Longhorn Node Maintenance Guideline
Article Number: 000021085
Environment
- SUSE Storage 1.4+
Situation
This instruction describes how to handle planned node maintenance.
Resolution
These are the steps needed to shut down all volumes without having to modify the scale of the end user/application deployments in the cluster.
- Cordon the node. Longhorn will automatically disable node scheduling when a Kubernetes node is cordoned.
-
Drain the node to move the workload to another node. You will need to use any of the following documentation for the respective commands, depending on the version:
-
For Longhorn before 1.4.x (doc)
- For Longhorn 1.4.x+ (doc) - the drain command has been simplified
This will evict the workloads from the draining node.

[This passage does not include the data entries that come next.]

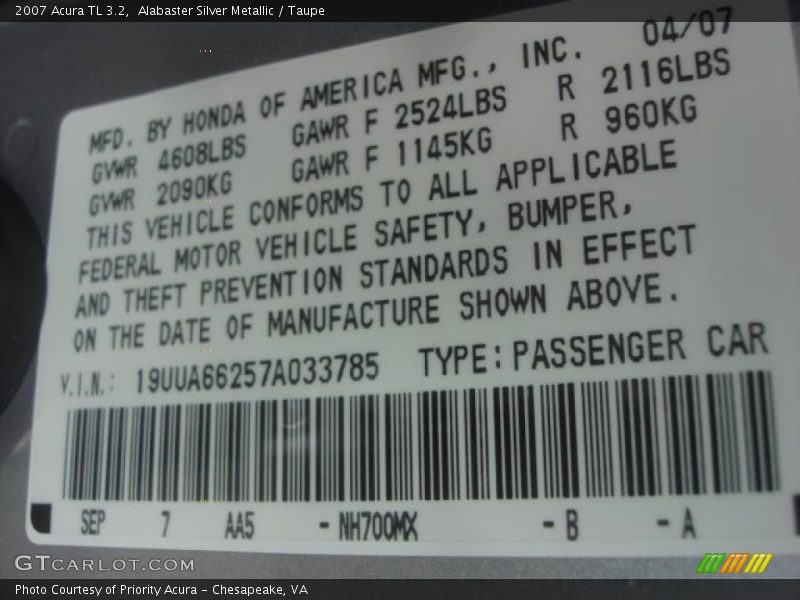 Alabaster Silver Metallic / Taupe 2007 Acura TL 3.2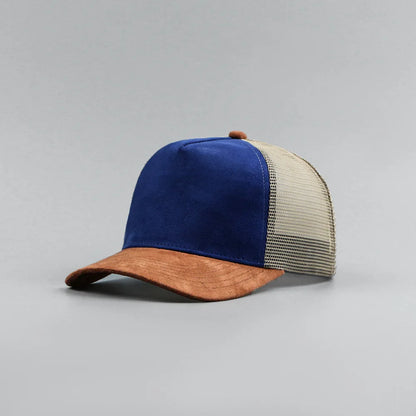Suede Mesh Trucker Cap – Five-Panel Baseball Hat for Men & Women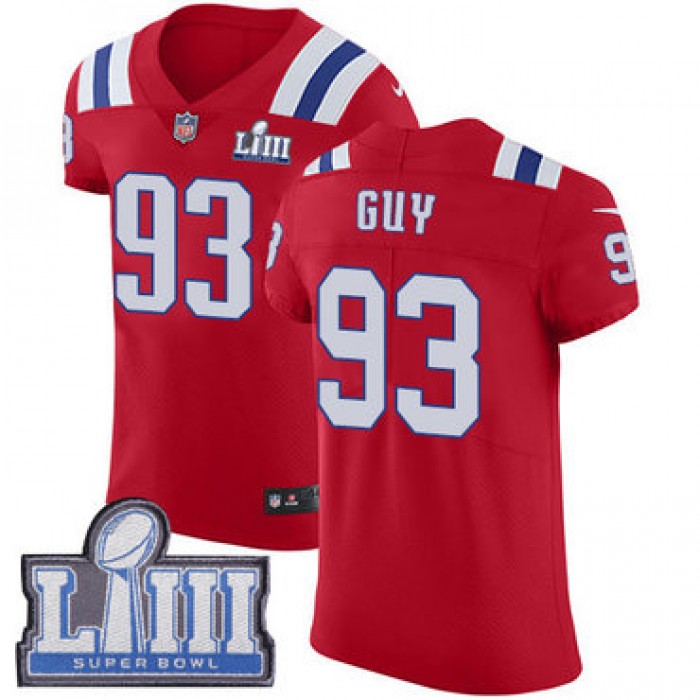 #93 Elite Lawrence Guy Red Nike NFL Alternate Men's Jersey New England Patriots Vapor Untouchable Super Bowl LIII Bound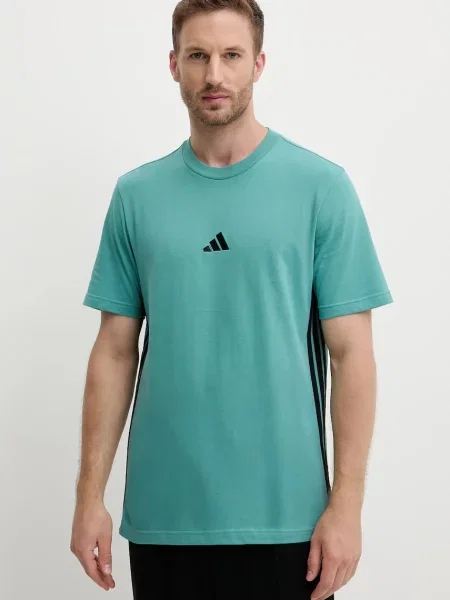 Тениска adidas Essentials тюркоазено с апликация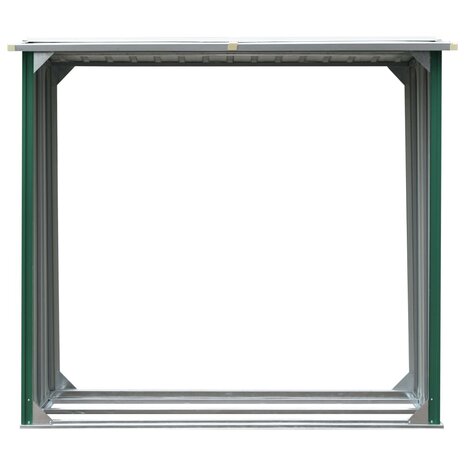 Haardhoutschuur 172x91x154 cm gegalvaniseerd staal groen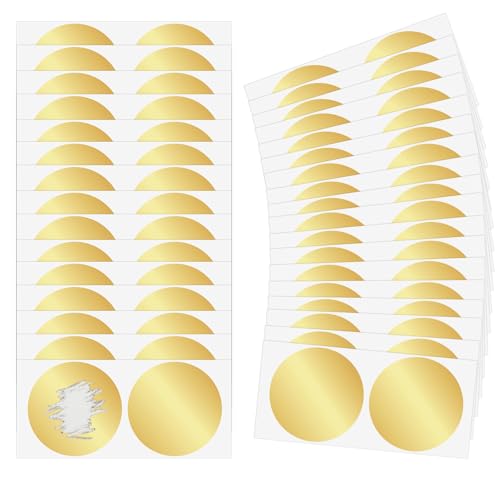 100 Stück Gold Runde Rubbelaufkleber 5cm Rubbellose Selber Machen, Rubbellose Selber Machen Rubbeletiketten zum Aufkleben Kreativität Scratch off Sticker für überraschung Geeignet Postkarten Geschenke von Vin Beauty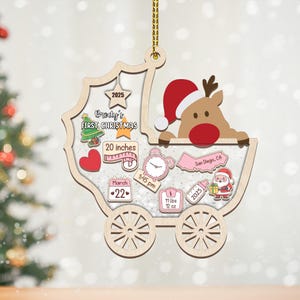 Personalized Baby&#39;s First Ornament Christmas 2025, 4D Shake Customized Babies 1st Christmas Ornament,  Custom New Baby Gift, Baby Shower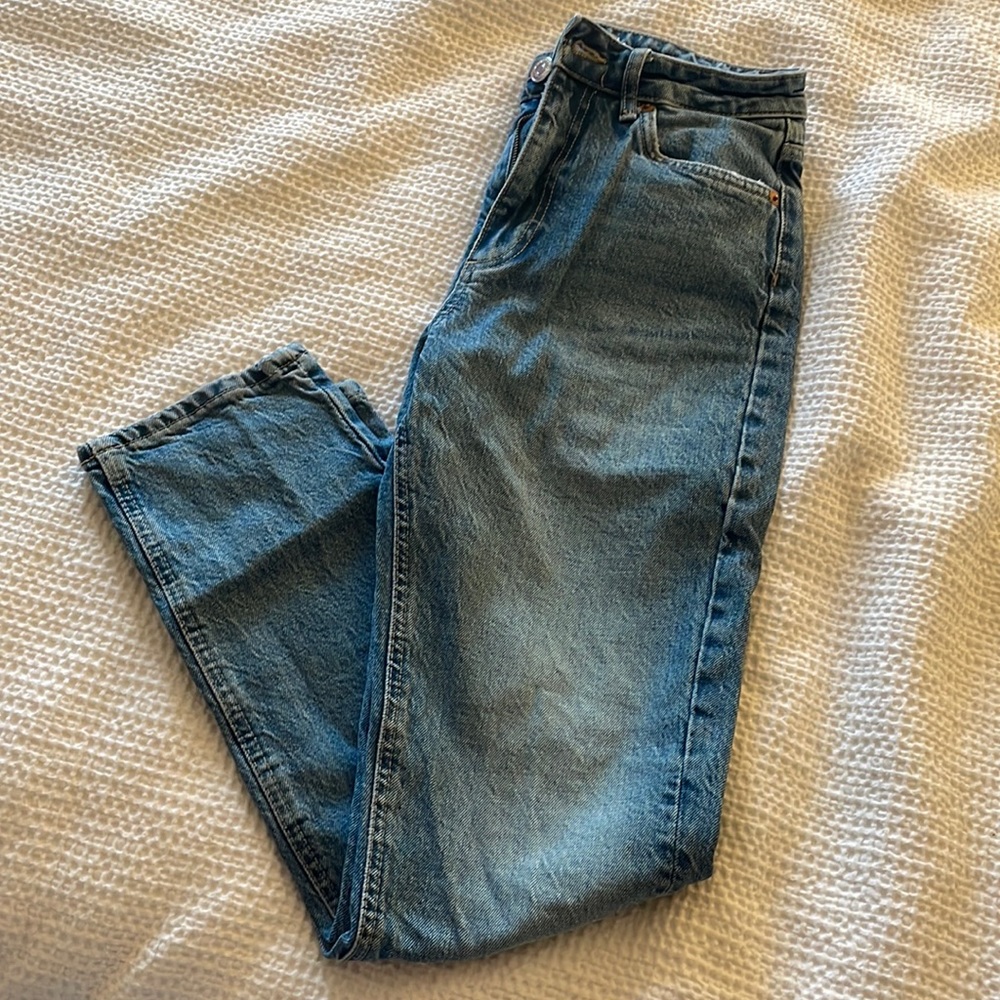 Zara Medium Wash High Waisted Mom Jeans Size 6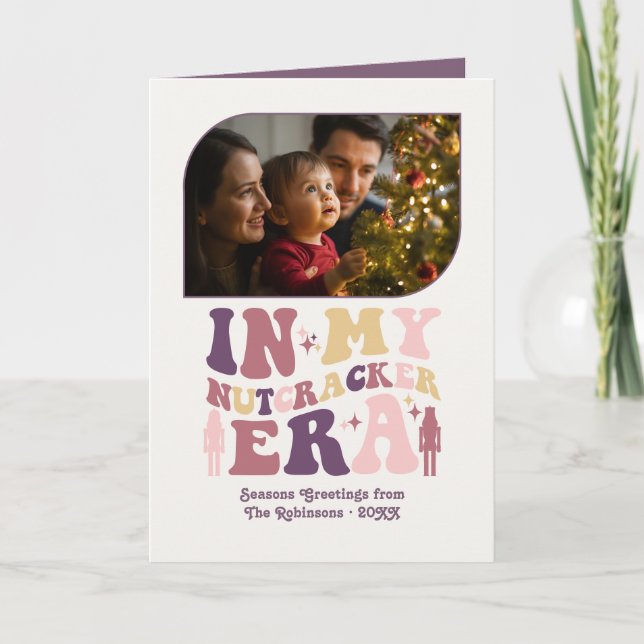 Blush and Berry Fun Retro Christmas Photos Holiday Card (Front)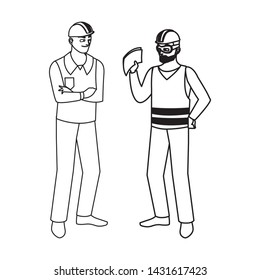 male builders constructors workers characters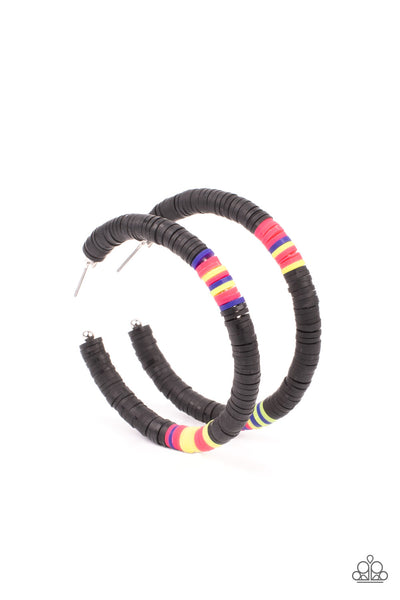 Colorfully Contagious - Black Paparazzi Hoop Earrings
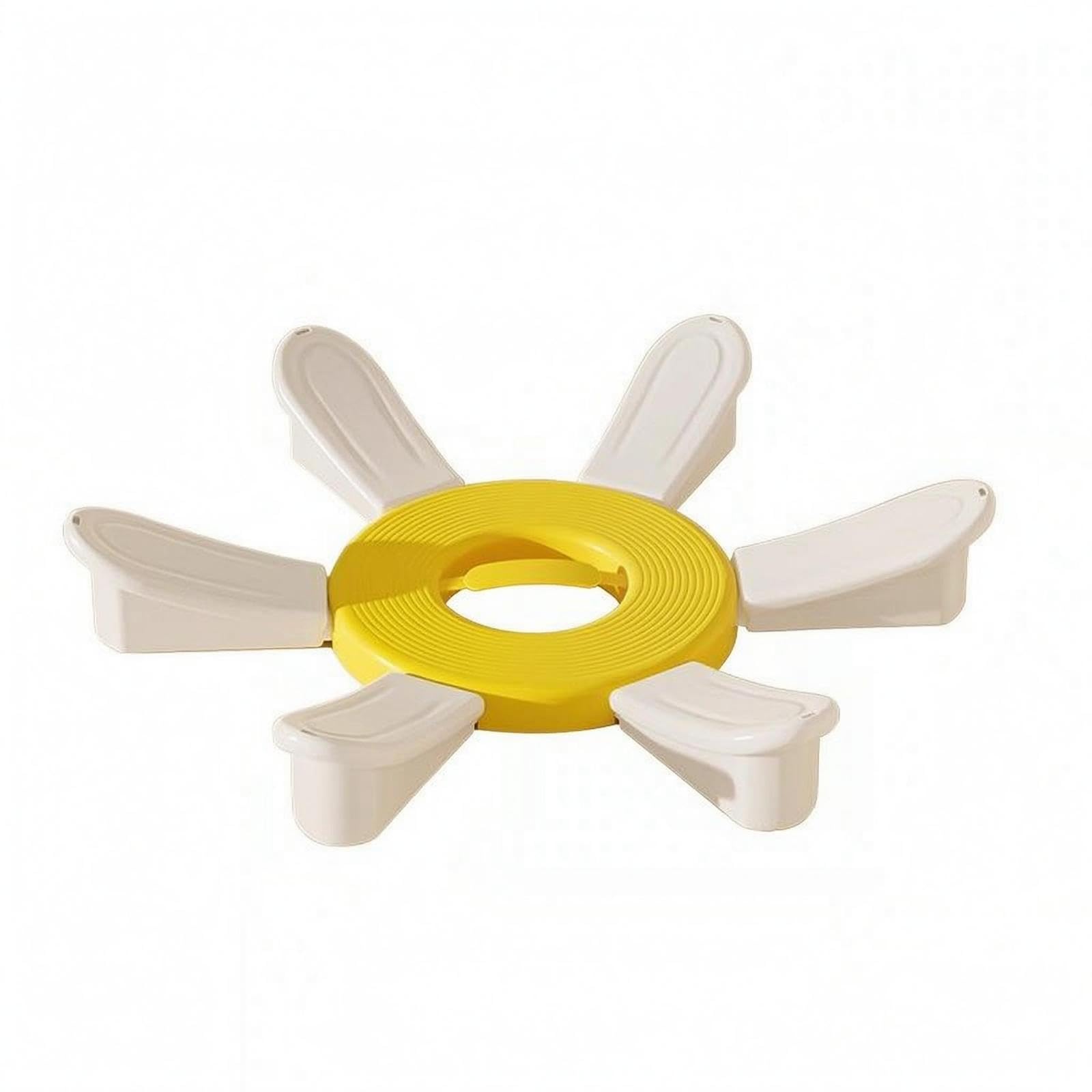 Exercise Ball Base Holder Petal-Like Supports Fitness Ball Holder Grooved Surface Yellow White-image-49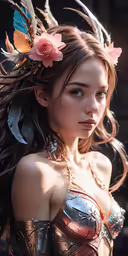 a beautiful woman with long hair wearing armor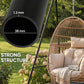 Close-up of black metal stand tube and hanging chain connection with hammock chair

- The replica processes on the node will be stopped at this stage. Replicas on the node will be shown as
Failed
.
Note: By default, if there is one last healthy replica for a volume on the node, Longhorn will prevent the node from completing the drain operation, to protect the last replica and prevent the disruption of the workload. You can either override the behavior in the setting, or evict the replica to other nodes before draining.
- The engine processes on the node will be migrated with the Pod to other nodes.
Note: If there are Longhorn volumes that are manually attached by Longhorn UI on the node, Longhorn will prevent the node from completing the drain operation, please detach these volume using Longhorn UI.
- After the
drain
is completed, there should be no engine or replica process running on the node. Two instance managers will still be running on the node, but they’re stateless and won’t cause interruption to the existing workload. - Perform the necessary maintenance, including shutting down or rebooting the node.
- Uncordon the node. Longhorn will automatically re-enable the node scheduling.
Important note 1: Always refer to the respective product documentation for clear steps and details. The KB content is only a pointer to the main aspects of the current issue being addressed.
Important note 2: Always refer to the documentation of the specific product version. Many features and functions have changed, so for the most accurate information, you have to ensure you're looking into the correct version documentation.